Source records
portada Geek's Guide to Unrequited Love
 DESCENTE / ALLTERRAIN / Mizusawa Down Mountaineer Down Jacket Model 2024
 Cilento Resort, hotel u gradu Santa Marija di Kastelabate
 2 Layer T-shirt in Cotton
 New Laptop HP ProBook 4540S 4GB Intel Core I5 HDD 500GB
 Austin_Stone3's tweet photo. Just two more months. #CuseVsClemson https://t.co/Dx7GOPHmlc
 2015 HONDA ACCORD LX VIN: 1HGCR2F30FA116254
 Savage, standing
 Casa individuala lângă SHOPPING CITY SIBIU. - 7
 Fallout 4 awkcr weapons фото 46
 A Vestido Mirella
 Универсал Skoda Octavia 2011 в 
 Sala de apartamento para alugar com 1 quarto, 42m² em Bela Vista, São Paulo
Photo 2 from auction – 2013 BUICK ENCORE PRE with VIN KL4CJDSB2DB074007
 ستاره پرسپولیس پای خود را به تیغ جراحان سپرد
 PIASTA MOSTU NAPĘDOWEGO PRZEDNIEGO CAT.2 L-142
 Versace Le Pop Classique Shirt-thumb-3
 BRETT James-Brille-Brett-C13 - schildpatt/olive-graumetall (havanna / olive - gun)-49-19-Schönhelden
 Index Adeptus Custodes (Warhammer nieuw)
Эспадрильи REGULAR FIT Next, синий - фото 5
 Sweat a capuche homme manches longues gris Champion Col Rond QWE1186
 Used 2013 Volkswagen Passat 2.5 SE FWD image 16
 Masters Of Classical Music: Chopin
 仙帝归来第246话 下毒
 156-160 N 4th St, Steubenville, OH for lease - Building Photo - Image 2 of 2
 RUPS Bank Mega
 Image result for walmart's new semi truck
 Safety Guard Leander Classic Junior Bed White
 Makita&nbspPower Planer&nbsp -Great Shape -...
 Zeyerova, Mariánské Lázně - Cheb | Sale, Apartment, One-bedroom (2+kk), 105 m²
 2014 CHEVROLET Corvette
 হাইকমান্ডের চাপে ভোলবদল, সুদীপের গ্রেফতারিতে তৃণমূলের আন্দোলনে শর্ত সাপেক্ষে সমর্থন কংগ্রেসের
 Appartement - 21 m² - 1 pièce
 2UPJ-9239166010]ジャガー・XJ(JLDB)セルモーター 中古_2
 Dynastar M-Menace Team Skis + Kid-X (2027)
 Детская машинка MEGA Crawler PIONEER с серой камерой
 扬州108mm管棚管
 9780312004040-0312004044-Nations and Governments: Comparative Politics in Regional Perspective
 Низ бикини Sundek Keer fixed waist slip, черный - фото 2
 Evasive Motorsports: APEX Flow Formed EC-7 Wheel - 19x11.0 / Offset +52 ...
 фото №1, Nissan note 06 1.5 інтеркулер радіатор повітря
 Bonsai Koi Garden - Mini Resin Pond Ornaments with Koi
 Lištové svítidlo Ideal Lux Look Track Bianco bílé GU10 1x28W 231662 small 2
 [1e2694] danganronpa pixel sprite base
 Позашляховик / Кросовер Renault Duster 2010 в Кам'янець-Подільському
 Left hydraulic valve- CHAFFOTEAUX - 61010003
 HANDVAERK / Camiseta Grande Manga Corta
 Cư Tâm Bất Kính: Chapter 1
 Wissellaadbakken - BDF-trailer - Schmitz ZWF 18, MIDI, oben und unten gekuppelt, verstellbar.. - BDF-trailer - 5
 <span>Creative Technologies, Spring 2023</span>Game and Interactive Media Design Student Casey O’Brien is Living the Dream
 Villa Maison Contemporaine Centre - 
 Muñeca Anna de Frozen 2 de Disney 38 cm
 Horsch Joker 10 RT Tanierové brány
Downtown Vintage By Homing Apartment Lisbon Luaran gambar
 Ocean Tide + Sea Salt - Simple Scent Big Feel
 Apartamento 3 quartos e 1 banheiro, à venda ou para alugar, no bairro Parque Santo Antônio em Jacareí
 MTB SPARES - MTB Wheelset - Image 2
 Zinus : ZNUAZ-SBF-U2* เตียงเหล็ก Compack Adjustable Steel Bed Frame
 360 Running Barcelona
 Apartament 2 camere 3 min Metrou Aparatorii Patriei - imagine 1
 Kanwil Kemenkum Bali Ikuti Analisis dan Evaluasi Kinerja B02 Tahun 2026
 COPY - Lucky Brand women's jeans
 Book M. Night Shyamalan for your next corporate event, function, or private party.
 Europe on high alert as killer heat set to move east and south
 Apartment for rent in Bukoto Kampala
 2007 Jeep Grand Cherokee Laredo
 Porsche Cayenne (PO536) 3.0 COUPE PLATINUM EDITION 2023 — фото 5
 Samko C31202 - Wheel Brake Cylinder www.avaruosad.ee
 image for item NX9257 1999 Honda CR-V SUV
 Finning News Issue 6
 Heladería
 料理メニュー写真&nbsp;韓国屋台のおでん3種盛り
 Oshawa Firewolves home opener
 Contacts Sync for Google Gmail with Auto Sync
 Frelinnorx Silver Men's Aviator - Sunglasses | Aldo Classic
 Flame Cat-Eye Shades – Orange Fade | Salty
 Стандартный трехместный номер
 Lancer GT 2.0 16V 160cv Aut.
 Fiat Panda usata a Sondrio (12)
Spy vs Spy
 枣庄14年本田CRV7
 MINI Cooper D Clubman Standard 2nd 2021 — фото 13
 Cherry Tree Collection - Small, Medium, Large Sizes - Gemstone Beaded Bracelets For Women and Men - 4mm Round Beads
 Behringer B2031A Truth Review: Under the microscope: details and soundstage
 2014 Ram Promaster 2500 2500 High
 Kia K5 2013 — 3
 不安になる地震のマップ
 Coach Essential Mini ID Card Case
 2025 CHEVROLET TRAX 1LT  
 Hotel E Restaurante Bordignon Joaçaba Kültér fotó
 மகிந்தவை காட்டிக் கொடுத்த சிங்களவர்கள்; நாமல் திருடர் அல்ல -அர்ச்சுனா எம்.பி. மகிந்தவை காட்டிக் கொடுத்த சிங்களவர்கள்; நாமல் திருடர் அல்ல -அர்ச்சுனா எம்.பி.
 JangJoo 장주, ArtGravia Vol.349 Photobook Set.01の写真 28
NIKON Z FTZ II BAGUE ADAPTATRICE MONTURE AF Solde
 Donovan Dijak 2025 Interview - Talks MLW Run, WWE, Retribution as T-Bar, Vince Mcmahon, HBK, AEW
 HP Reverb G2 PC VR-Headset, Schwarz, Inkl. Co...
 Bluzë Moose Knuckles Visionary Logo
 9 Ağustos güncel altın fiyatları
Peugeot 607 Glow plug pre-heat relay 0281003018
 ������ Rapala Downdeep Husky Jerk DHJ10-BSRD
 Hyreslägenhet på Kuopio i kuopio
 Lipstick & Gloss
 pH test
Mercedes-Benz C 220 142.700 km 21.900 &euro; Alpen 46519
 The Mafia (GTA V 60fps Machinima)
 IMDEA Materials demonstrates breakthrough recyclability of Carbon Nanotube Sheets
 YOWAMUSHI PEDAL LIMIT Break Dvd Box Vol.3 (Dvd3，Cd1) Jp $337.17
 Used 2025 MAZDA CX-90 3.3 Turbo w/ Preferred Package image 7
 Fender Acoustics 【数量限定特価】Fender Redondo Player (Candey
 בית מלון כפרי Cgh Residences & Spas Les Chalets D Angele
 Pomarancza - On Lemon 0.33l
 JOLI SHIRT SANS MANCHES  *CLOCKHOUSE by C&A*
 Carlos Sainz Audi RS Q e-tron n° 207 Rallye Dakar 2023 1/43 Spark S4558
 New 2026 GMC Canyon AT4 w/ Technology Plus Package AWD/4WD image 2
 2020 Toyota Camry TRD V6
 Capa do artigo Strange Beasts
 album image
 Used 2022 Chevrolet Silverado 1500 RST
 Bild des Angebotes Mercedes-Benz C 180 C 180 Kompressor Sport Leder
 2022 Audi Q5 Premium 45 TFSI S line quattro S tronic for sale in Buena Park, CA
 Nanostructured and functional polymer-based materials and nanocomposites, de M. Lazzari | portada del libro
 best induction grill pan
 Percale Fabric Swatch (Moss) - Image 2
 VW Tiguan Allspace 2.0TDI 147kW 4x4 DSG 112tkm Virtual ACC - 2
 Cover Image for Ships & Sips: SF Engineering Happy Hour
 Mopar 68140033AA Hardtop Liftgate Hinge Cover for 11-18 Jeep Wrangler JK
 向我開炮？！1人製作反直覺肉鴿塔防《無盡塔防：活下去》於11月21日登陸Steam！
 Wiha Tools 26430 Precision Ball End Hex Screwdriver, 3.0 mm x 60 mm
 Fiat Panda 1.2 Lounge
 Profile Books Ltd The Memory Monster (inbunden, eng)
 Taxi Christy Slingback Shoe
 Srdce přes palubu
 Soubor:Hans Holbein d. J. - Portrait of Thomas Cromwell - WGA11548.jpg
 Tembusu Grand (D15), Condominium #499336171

**What is being asked**
Report only the number of lines in the records that include the word "Benz".

**Solution to this exercise**
2